Should the listing contain images, exclude them; give the rest again exactly.
<<<<
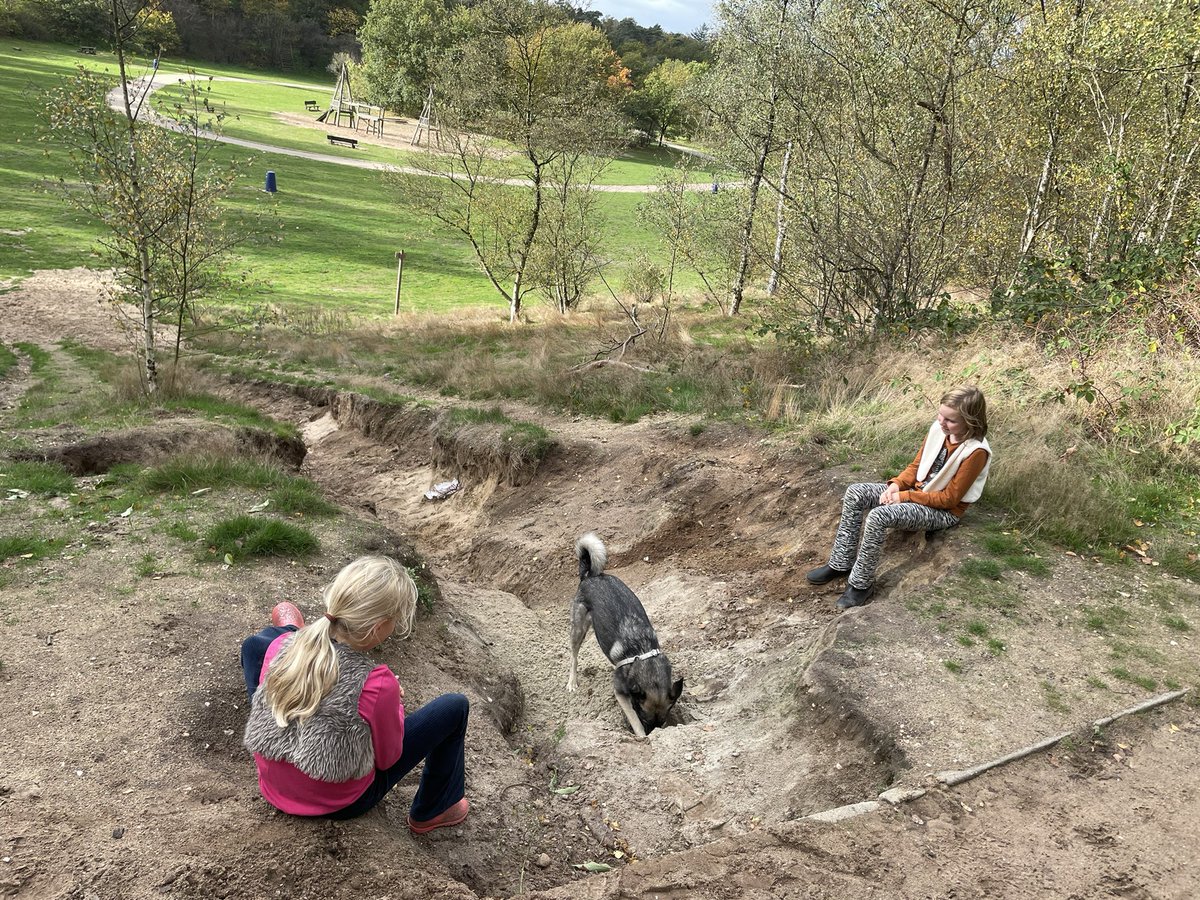 martinewoude's tweet photo. Rondje Doornse Gat 🍄 🐕 👧 👧 https://t.co/u41ulZ4qOU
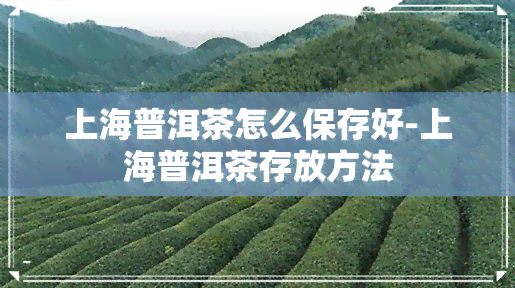 上海普洱茶怎么保存好-上海普洱茶存放方法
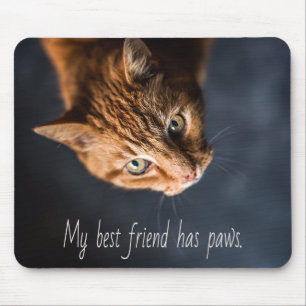 Meine beste Freundin hat Pfoten, Cat Kitten Niedli Mousepad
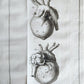 1749 MEDICAL TREATISE ILLUSTRATED ANATOMY by Francois PLANQUE antique V. 2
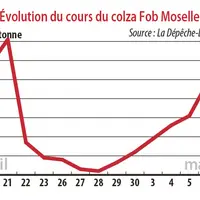 Evolution des cours du colza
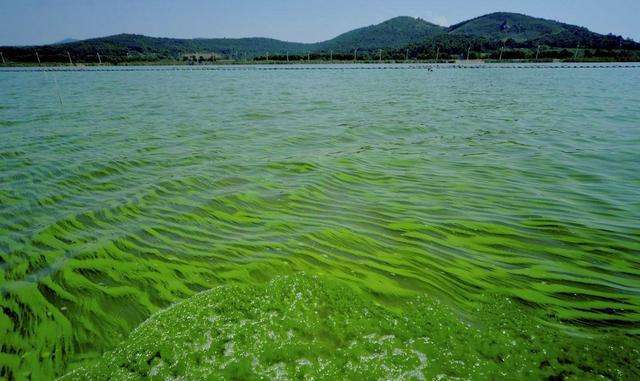 1703472525767331.jpg 水體富營養化.jpg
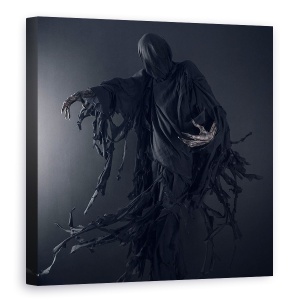 Tablou canvas - Dementor, Moarte, Monstru, Fantoma, 60 x 60 cm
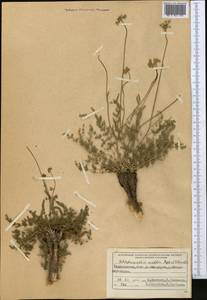 Schtschurowskia meifolia Regel & Schmalh., Middle Asia, Pamir & Pamiro-Alai (M2) (Tajikistan)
>>>>
◆ **ANSWER TO THIS EXERCISE**
 martinewoude's tweet photo. Rondje Doornse Gat 🍄 🐕 👧 👧 https://t.co/u41ulZ4qOU
 上海普洱茶怎么保存好-上海普洱茶存放方法
 Meine beste Freundin hat Pfoten, Cat Kitten Niedli Mousepad
 1749 MEDICAL TREATISE ILLUSTRATED ANATOMY by Francois PLANQUE antique V. 2
 Evolution des cours du colza
 1703472525767331.jpg 水體富營養化.jpg
 Tablou canvas - Dementor, Moarte, Monstru, Fantoma, 60 x 60 cm
 Schtschurowskia meifolia Regel & Schmalh., Middle Asia, Pamir & Pamiro-Alai (M2) (Tajikistan)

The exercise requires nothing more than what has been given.